When the curd finally reaches temperature, Isbell adds butter for creaminess, gelatin for body, and citric acid for extra sour punch (since this curd is made with sweeter citrus fruits as well as lemon, it needs it). Then she immersion-blends the whole thing until it’s smooth and puts it in the fridge to cool and thicken.
Meanwhile, the dough is ready to roll out. Isbell positions a poppy-flecked disk between two pieces of parchment paper and begins gently rolling it out into a wide circle. A ring traced in Sharpie on the underside of the parchment provides a guideline for size. As it’s rolled, the dough warms up and softens again, so when she’s finished flattening both top and bottom crust, Isbell slides both disks into the freezer to firm up again.

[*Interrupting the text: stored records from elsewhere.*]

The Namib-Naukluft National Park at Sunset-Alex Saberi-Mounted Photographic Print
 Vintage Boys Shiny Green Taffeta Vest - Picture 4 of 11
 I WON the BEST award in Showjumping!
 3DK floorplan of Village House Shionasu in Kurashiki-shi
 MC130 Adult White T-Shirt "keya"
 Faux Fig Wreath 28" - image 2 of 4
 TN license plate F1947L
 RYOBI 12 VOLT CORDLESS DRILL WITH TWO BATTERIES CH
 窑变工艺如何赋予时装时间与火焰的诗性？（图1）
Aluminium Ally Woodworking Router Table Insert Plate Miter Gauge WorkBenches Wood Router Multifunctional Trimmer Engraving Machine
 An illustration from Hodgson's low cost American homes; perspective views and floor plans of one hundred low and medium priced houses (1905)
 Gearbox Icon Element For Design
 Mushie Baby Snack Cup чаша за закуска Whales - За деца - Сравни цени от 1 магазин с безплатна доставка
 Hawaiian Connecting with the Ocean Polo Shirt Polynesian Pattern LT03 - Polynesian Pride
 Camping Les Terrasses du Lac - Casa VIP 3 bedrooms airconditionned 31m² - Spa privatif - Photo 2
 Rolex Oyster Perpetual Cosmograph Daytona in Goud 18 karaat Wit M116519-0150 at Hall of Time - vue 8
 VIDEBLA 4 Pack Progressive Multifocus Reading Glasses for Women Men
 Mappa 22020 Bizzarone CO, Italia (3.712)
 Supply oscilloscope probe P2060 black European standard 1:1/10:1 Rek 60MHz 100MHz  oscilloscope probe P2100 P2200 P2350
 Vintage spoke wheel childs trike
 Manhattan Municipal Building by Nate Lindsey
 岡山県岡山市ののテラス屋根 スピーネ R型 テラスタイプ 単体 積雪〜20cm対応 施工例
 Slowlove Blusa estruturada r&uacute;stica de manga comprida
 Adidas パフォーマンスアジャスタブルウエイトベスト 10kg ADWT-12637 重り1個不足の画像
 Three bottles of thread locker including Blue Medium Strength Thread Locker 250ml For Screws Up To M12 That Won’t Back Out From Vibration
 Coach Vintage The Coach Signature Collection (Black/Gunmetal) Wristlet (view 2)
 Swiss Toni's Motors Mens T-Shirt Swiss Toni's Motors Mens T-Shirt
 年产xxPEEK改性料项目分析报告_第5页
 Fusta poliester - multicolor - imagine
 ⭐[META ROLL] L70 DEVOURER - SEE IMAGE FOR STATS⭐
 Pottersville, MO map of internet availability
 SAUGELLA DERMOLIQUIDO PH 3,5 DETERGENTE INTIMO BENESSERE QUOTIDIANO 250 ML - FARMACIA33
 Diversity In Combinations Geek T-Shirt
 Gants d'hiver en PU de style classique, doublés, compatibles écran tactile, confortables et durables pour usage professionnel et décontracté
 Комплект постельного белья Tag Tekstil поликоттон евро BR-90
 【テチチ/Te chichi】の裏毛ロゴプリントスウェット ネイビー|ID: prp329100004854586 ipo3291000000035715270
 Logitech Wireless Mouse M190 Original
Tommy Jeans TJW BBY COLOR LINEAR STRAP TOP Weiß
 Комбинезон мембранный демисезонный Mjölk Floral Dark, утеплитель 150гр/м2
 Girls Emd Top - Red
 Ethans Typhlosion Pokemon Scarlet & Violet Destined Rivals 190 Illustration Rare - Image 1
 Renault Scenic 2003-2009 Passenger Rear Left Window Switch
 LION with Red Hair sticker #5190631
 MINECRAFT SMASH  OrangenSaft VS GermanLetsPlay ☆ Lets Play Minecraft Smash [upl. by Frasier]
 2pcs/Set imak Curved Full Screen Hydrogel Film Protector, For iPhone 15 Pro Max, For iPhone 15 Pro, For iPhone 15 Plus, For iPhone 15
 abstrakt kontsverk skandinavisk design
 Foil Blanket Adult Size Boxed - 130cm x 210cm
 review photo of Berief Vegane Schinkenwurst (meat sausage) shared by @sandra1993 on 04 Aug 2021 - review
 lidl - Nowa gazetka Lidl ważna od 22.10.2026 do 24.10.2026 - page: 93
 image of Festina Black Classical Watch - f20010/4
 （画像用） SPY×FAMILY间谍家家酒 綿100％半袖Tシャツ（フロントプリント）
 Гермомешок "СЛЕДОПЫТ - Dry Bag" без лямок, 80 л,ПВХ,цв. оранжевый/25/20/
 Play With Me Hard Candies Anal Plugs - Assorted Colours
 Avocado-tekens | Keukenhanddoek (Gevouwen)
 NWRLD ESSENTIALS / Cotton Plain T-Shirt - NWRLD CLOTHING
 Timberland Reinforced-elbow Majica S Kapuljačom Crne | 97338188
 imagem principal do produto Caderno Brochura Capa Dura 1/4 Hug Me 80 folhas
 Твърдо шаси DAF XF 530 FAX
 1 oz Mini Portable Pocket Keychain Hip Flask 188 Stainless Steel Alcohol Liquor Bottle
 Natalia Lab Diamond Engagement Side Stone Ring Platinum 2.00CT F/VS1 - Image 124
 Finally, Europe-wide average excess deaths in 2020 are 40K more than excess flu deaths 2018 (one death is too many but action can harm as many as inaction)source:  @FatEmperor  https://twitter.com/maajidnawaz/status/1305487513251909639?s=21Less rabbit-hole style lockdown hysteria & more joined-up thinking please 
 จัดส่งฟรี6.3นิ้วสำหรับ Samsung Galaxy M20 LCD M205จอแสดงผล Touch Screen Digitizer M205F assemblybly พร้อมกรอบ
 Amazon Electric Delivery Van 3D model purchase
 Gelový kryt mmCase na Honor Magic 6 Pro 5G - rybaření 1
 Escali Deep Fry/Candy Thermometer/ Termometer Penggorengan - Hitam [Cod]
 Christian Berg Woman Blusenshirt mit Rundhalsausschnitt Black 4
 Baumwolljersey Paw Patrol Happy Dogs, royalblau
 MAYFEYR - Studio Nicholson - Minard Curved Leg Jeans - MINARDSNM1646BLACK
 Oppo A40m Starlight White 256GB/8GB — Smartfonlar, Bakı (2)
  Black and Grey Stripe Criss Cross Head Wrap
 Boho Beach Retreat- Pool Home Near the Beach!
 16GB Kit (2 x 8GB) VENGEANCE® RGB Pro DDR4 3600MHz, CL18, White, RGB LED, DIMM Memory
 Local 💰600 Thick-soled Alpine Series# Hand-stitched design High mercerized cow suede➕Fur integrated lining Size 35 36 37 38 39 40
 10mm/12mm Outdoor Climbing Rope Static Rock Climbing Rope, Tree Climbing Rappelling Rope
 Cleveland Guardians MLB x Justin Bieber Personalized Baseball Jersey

Half an hour later or so, when the dough is sturdy but still supple and not completely frozen, Isbell assembles the cake. She lowers one disk into a greased, parchment-lined, cake pan, gently pressing it down and into the corners. She pinches and molds the sides of the crust so that they’re thicker near the top and sturdy enough to hold the top crust.
With the edges roughly shaped, Isbell grabs a pastry bag full of curd from the fridge and pipes a spiral of thick curd over the base of the cake. The bag is for speed and consistency: Isbell portions out the exact amount of curd needed for one cake into pastry bags in advance, so it’s easy to make every cake the same without stopping to measure out its contents.
After carefully setting the top crust down over the curd, Isbell presses down around the sides to make sure top and bottom are sealed tight. Then she slices the extra dough away from the edges, setting it aside for another cake. “Most doughs you can re-roll once,” she says. More than that, and they’ll be tough and chewy. But since the trimmings from three cakes usually yield enough to make a fourth, once is worthwhile.
The cake usually goes into the freezer again before being baked, since the slower bake gives it a better consistency. It comes out of the oven brown and crisp around the edges, and once it’s had some time to cool, Isbell flips it on onto a rack set over a sheet pan. The bottom now becomes the top, since its smooth surface and sharp edges look cleaner, and will better show off the sheen of the glaze Isbell now pours generously over the cake.
It’s a simple glaze, just a mixture of powdered sugar and grapefruit juice, which Isbell likes because it adds a faint blush to the icing. The light rosy hue, she says, matches the restaurant’s pink ceramic cake stand.
When Isbell cuts a fresh slice of the gateau au citron, the fresh glaze runs and drapes over its sides, pooling on the plate. It is all the adornment this bright, humble little cake needs.